Italian economist and author (born 1963)

Luigi Zingales (/it/; born 8 February 1963) is an Italian economist who is a finance professor at the University of Chicago Booth School of Business. His book Saving Capitalism from the Capitalists (2003) is a study of "relationship capitalism". In A Capitalism for the People: Recapturing the Lost Genius of American Prosperity (2012), Zingales "suggests that channeling populist anger can reinvigorate the power of competition and reverse the movement toward a 'crony system'."

==Career==
Zingales received a bachelor's degree in economics from Bocconi University in Milan. In 1992 he earned a Ph.D. in Economics from the Massachusetts Institute of Technology with the completion of his thesis, titled The value of corporate control, under the supervision of James M. Poterba and Oliver Hart. In the same year he joined the faculty of the University of Chicago Booth School of Business, where he is the Robert C. McCormack Distinguished Service Professor of Entrepreneurship and Finance. Zingales also serves as a member of the Committee on Capital Markets Regulation. He also co-hosts the podcast Capitalisn't along with journalist Bethany McLean.

==Positions==
Zingales has voiced support for greater regulation of the banking and technology industries.

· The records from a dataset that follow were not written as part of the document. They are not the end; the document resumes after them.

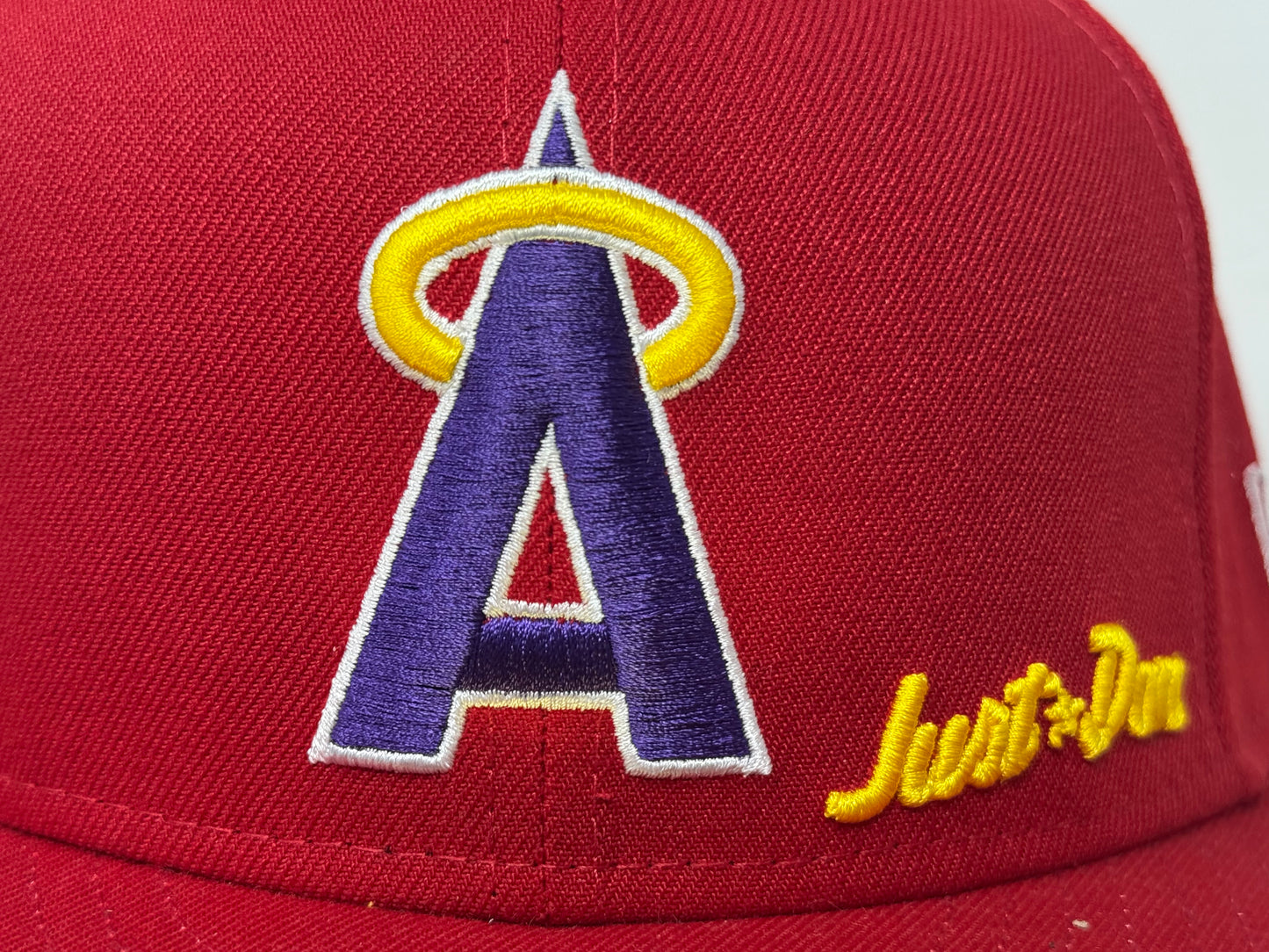 California Angels 1989 All Star Game "JUST DON" Yellow Brim New Era Fitted Hats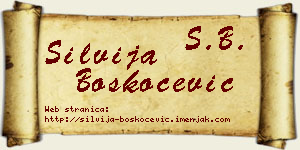 Silvija Boškoćević vizit kartica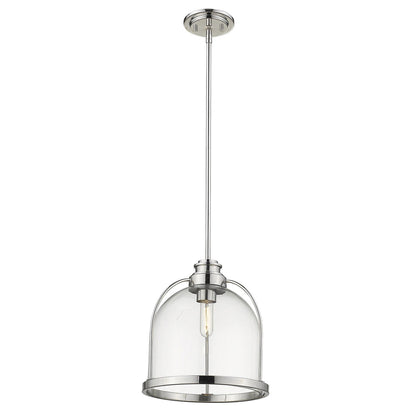 Stanton 1-Light Polished Nickel Pendant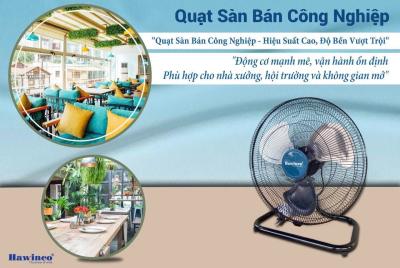 Quạt sàn chân quỳ công nghiệp Ha.winco HF20-50SM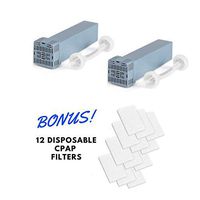 Resway CPAP Cartridge Filter Kit – CPAP Filter Replacement Kit Supplies | Compatible with SoClean, Resmed & More | For CPAP Cleaner and Sanitizer with 12 Bonus Filters,2 Filter Kits(Inc. Check Valves)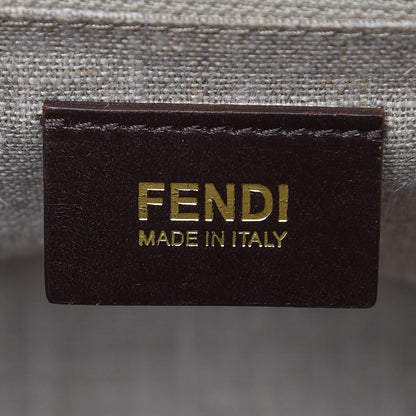 Fendi Cuoio Silvana Bag Beige Deep Berry Blue 6 of 12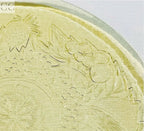 Piatto vetro ambra Colombetti Casa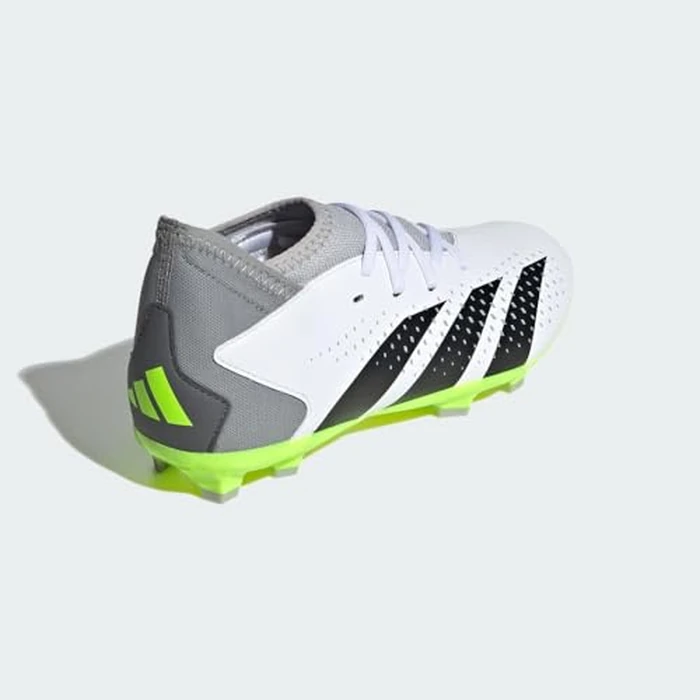 Adidas Unisex Accuracy.3 Football Boots Firm Ground Sneaker, FTWR White/CORE Black/Lucid Lemon, 10.5 Big Kid US by adidas - Image 6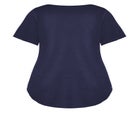 Flutter Sleeve Plain Top image number null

Perhaps most interesting is his support of the United States debt ceiling, which is almost universally held in low regard by his colleagues.

In July 2012, Zingales took part in the 'No-Brainer Economic Platform' project of NPR's program Planet Money. He supported a six-part reform plan that involved eliminating all American income, corporate, and payroll taxes as well as the war on drugs and replacing the system with a broad consumption tax (including taxing formerly illegal substances).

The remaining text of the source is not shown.